Silvio Maria Andrade afirma que o Executivo municipal é ineficiente frente às crescentes demandas da população. Ele é empresário do setor de turismo e atua na cidade como vice-presidente da Sociedade de São Vicente de Paulo. Os vicentinos, junto com a Paróquia Nossa Senhora da Conceição, distribuem cestas básicas às famílias carentes.
“A situação piorou na pandemia. A gente vê que a demanda por cestas básicas não para de aumentar. Em reunião que tivemos com o prefeito vimos que, para ele, a situação está tranquila. Além disso, até o ano passado, tínhamos dois Cras (Centro de Referência da Assistência Social) e agora temos só um. Então, nossa situação aqui não está boa mesmo”, comentou Silvio.

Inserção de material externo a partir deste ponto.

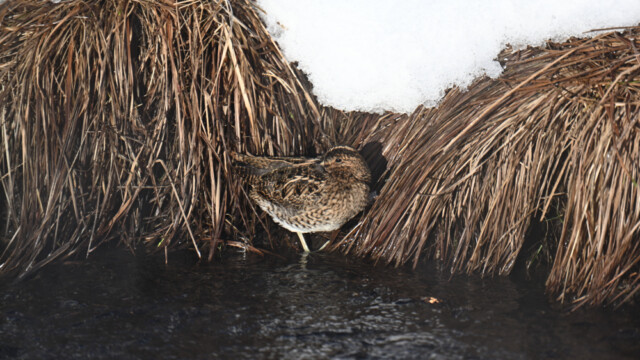 Dvergsnipa-Lymnocryptes minimus - © Trausti Baldursson
Tékka Dvergsnipa-Lymnocryptes minimus - © Trausti Baldursson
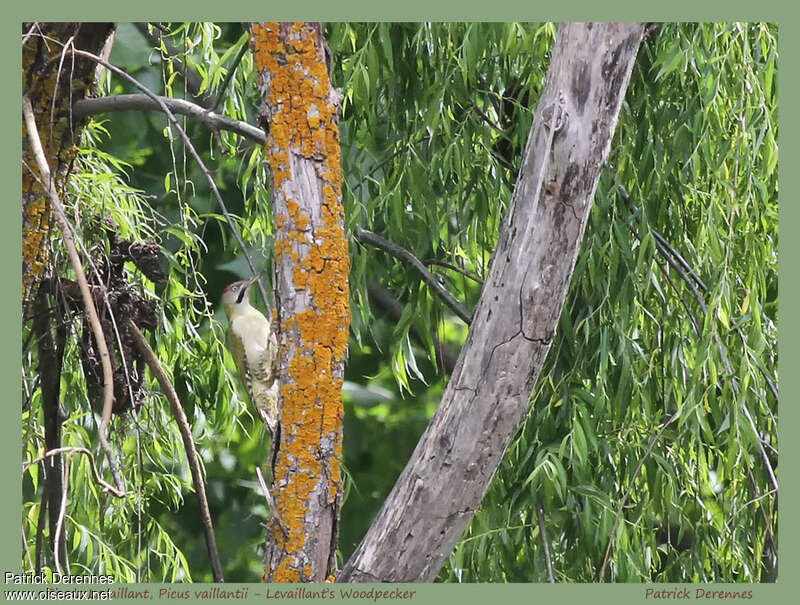 Levaillant's Woodpeckeradult, habitat, pigmentation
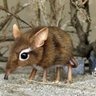 rusty shrew's profile picture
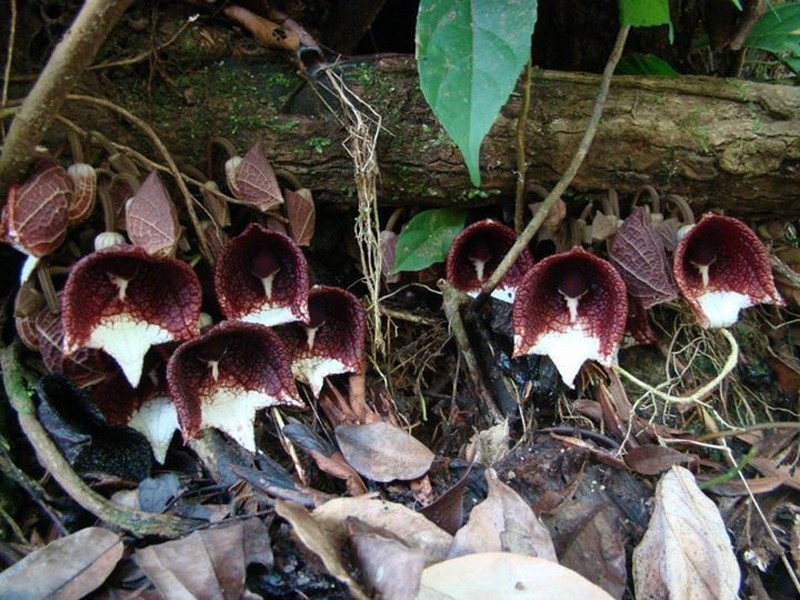 Aristolochia arborea photo 4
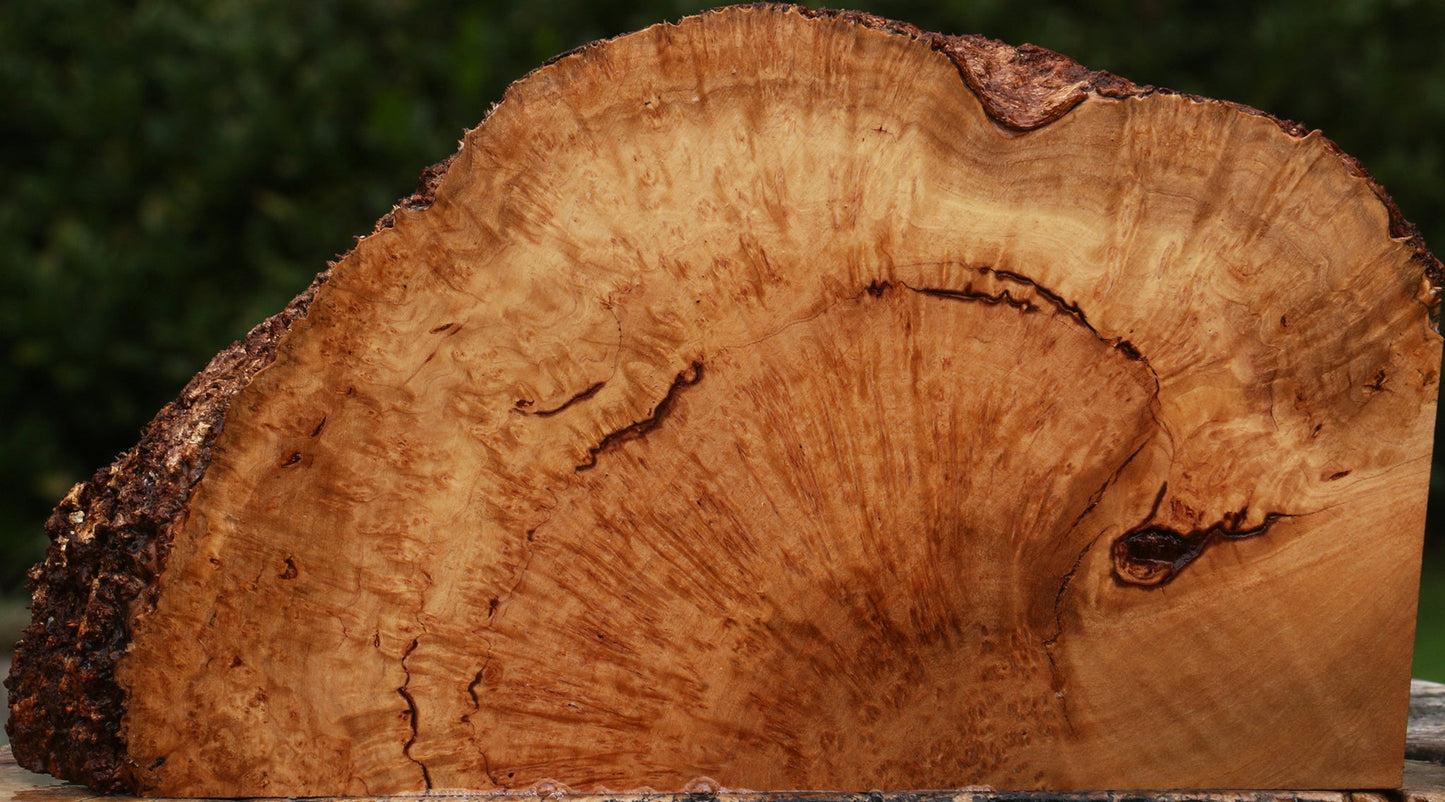 Kanista Burl Live Edge Slice
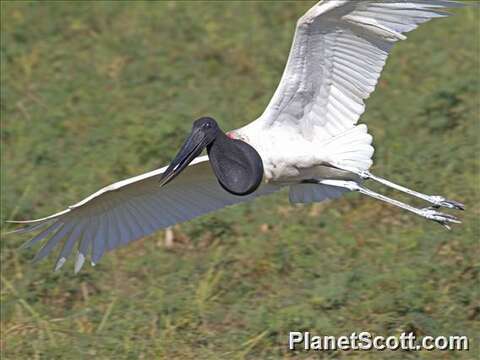 Image of Jabiru Hellmayr 1906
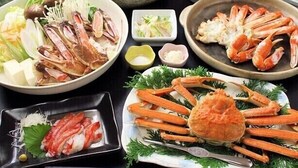 Alimentos y bebidas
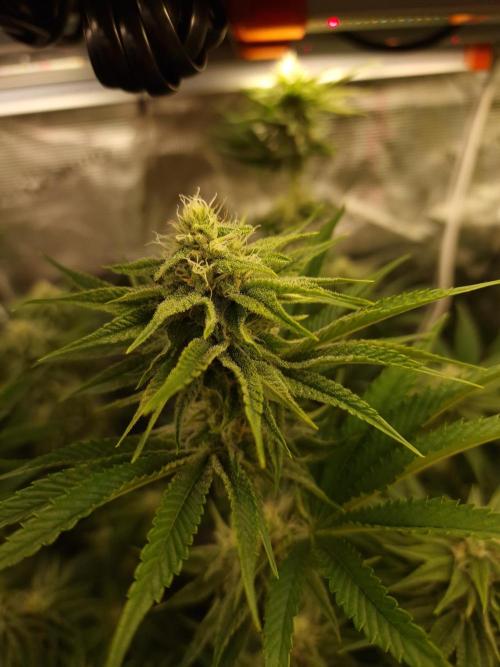 Blueberry Cupcake first Photoperiodics. Week 8 - Day 56 #2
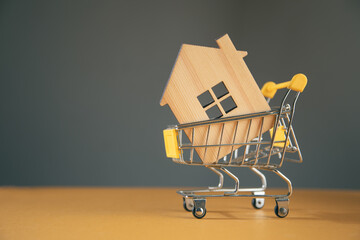 wooden house in a shopping trolley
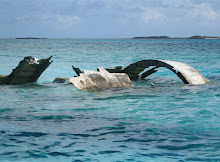 Submerged Plane in Norman's Cay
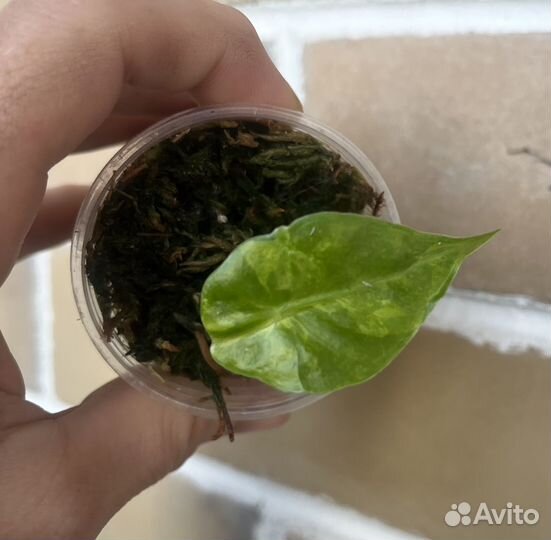 Алоказия Лонгилоба aurea вариегатная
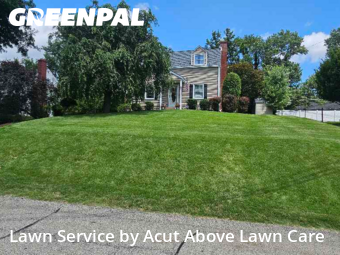 Lawn Cut nearby Pittsburgh, PA, 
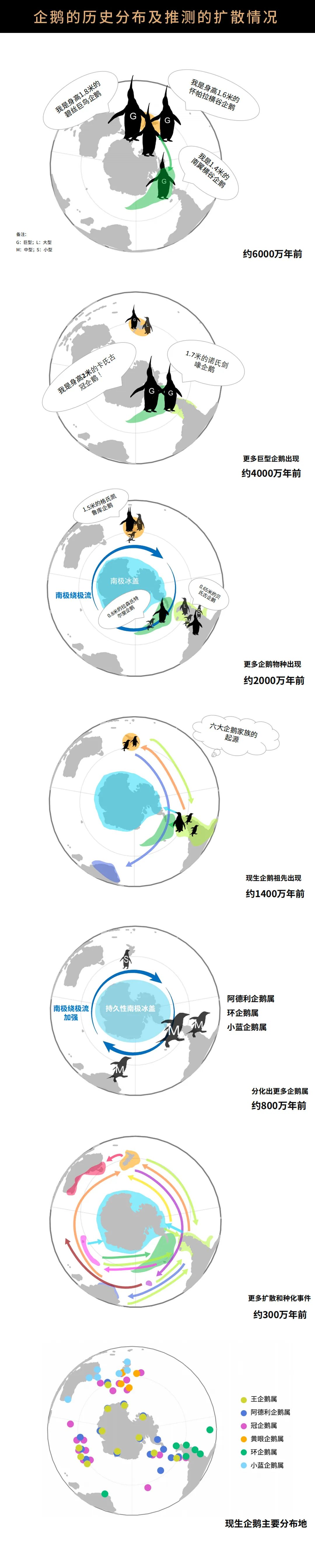 南极北极普通人可以去旅游吗_企鹅在南极还是北极?_企鹅住在南极还是北极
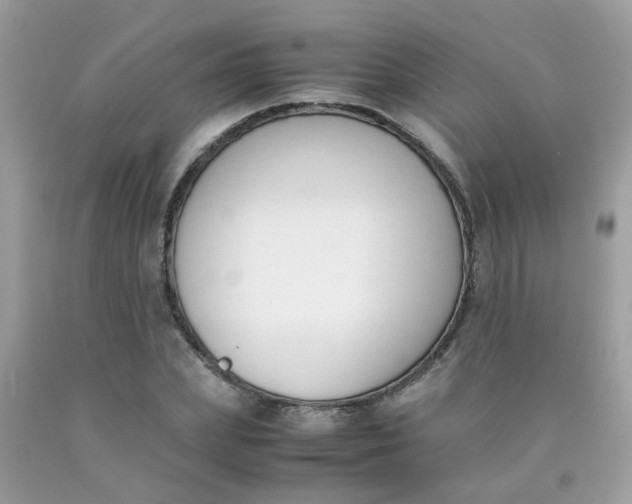 X0000090410831200707272047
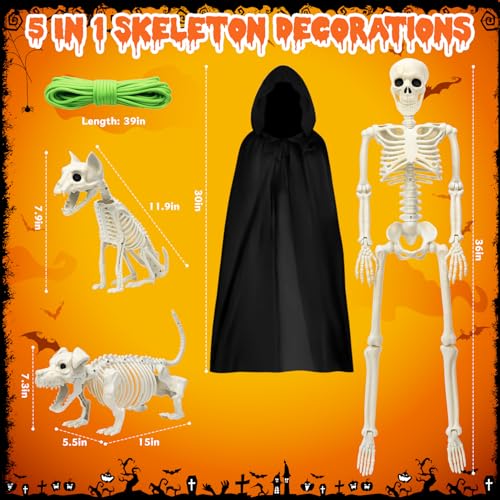 Askill 36" Skeleton Halloween Decorations, 3FT Posable Skeleton with Dog & Cat Skeleton - 5 in 1 Creepy Plastic Movable Joint Skeleton for Halloween Party Yard Decor (36inch)2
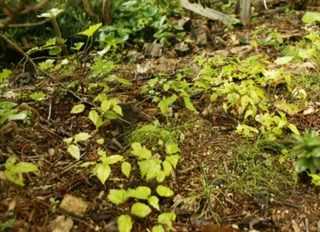 写真12移植したばかりのエゾエノキ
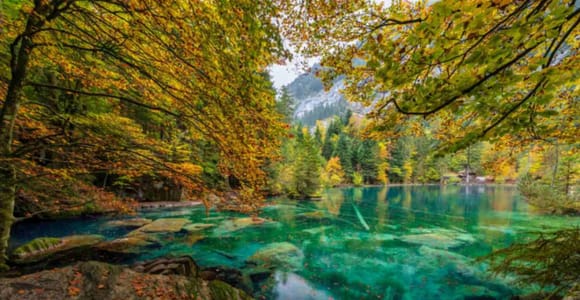 Private Oeschinensee, Blausee & Interlaken Alpine Lakes Tour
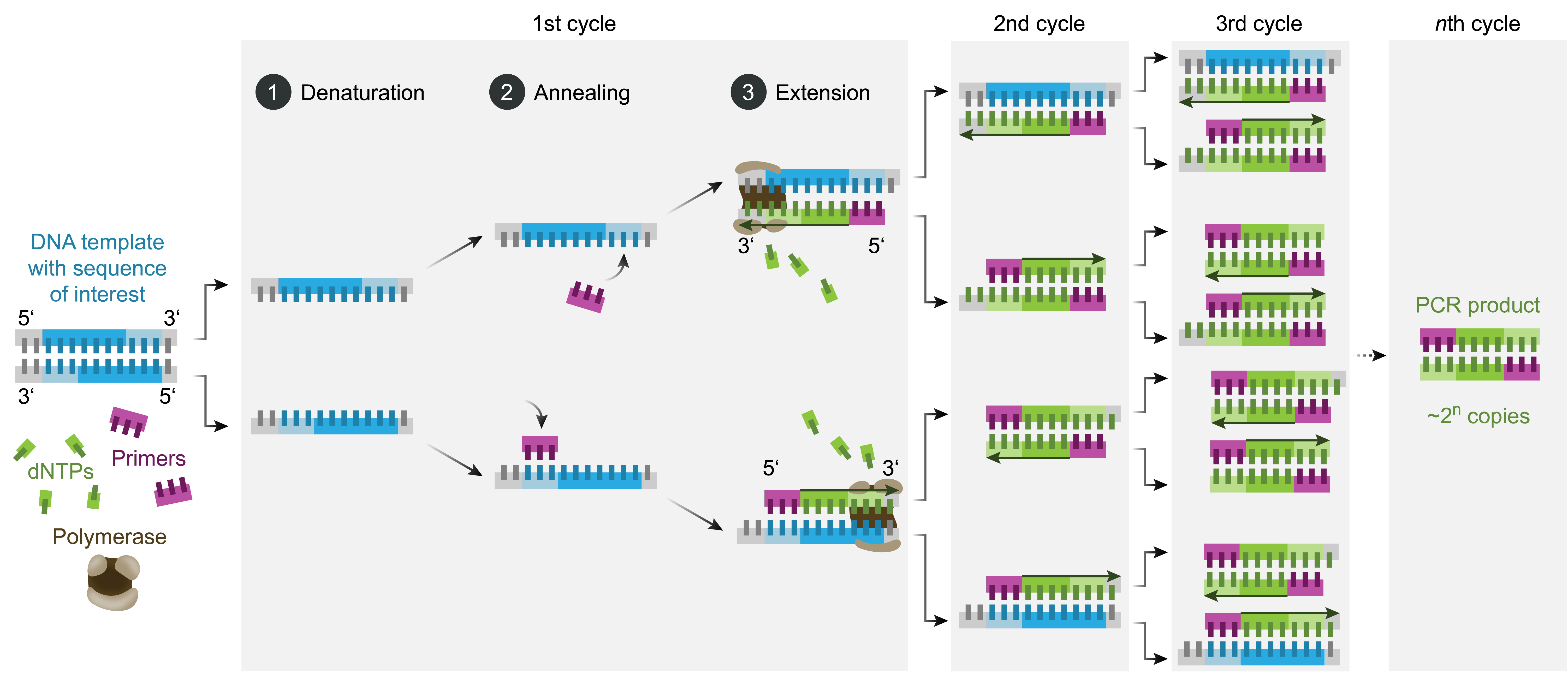 Polymerase_chain_reaction-en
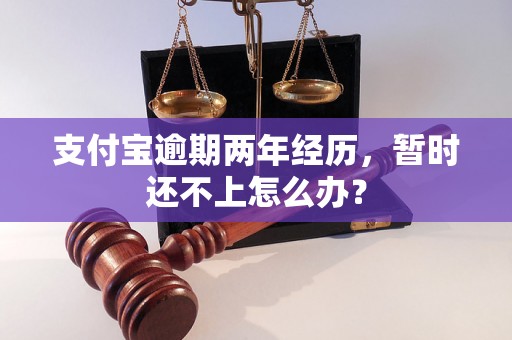 支付宝逾期两年经历，暂时还不上怎么办？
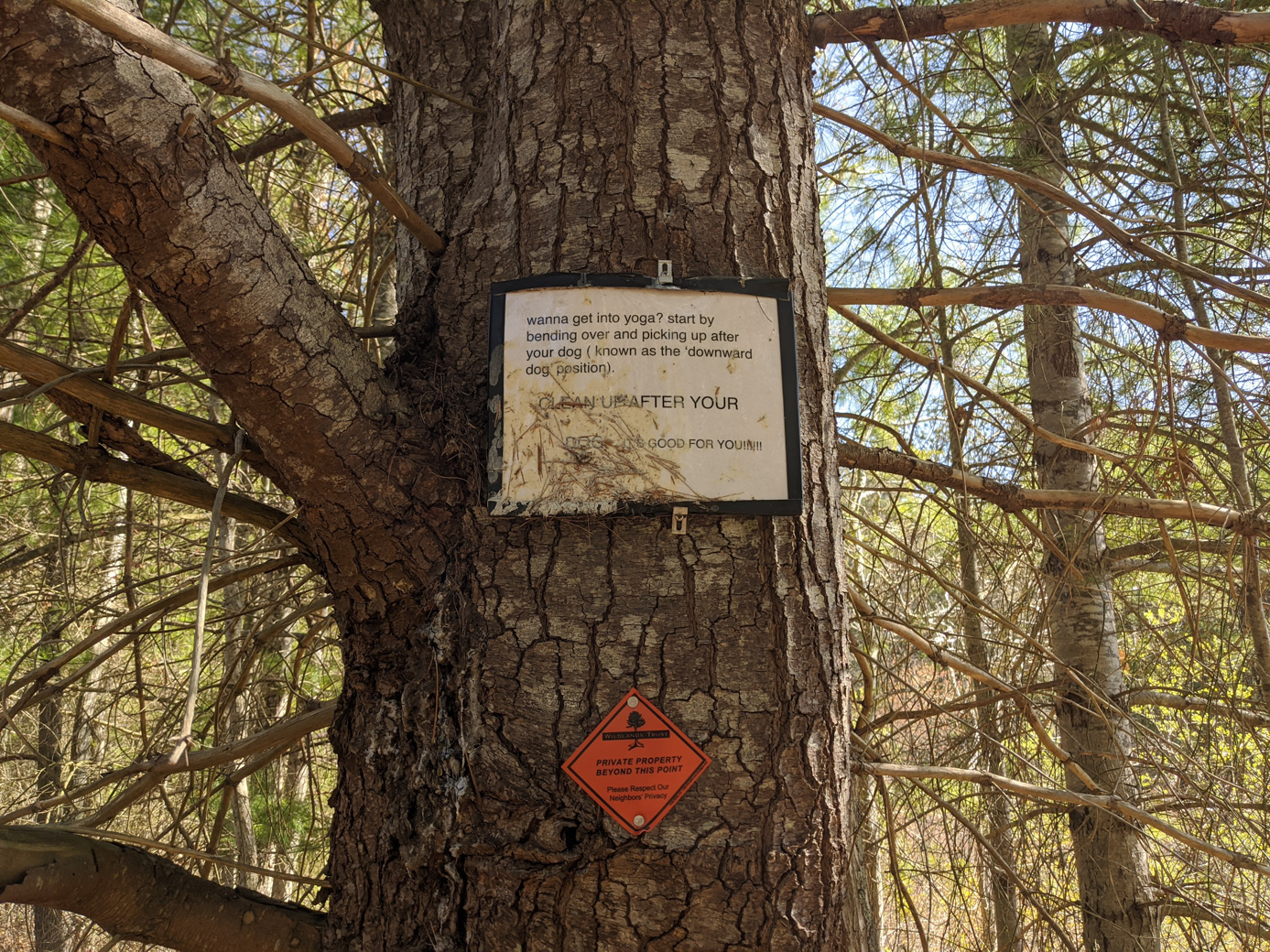 Sign posted on a tree
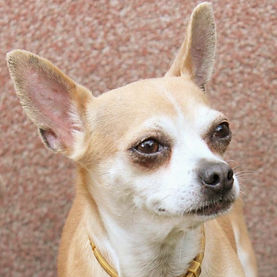 dogs3333_008-001.jpg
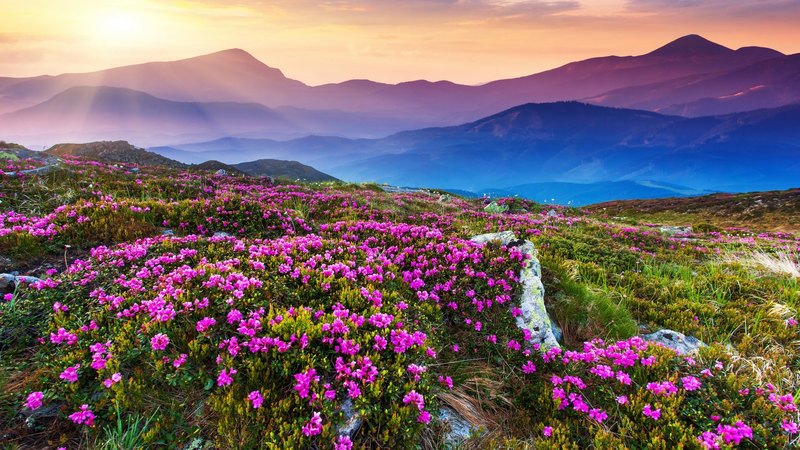 绝美日落花海壁纸合集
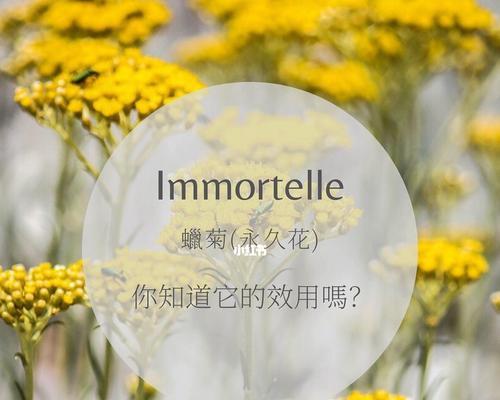 黄色蜡菊花语有哪些含义？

Ele não soube dizer o destino dos R$ 257,5 mil investidos na área da alimentação, que constam no Portal da Transparência da cidade. “A gente não entende. Se aplicou esse dinheiro, por que a situação piorou?”, questionou.
Foi possível verificar que a única política em execução no município é a alimentação escolar. Não consta haver outras ações municipais, o que é uma contradição dado o alto nível de pobreza existente na cidade.
Diante da conjuntura municipal, a Paróquia decidiu agir. A Igreja Católica possui um cadastro para a entrega de cestas básicas. Até este momento estão credenciadas 250 famílias. O padre recém-chegado, Edson Marques, preferiu não comentar a respeito da conduta da administração pública local em razão do seu recente convívio no município. “Mas, o pessoal comenta que não há ações da prefeitura”, diz. “Tem uma coisa que eu já observei: tem muitas pessoas carentes pedindo ajuda e, ao mesmo tempo, falta de mão de obra. Eu atribuo isso à falta de uma política de emprego”, observou.
A Assessoria de Monitoramento dos Poderes Públicos do Nesp solicitou ao prefeito, Anderson Ferreira Alves (PP), e ao vice-prefeito, Douglas Campos (PSDB), uma entrevista. Não obtivemos retorno. Também não conseguimos contato na Secretaria de Desenvolvimento Social, responsável pela assistência na cidade.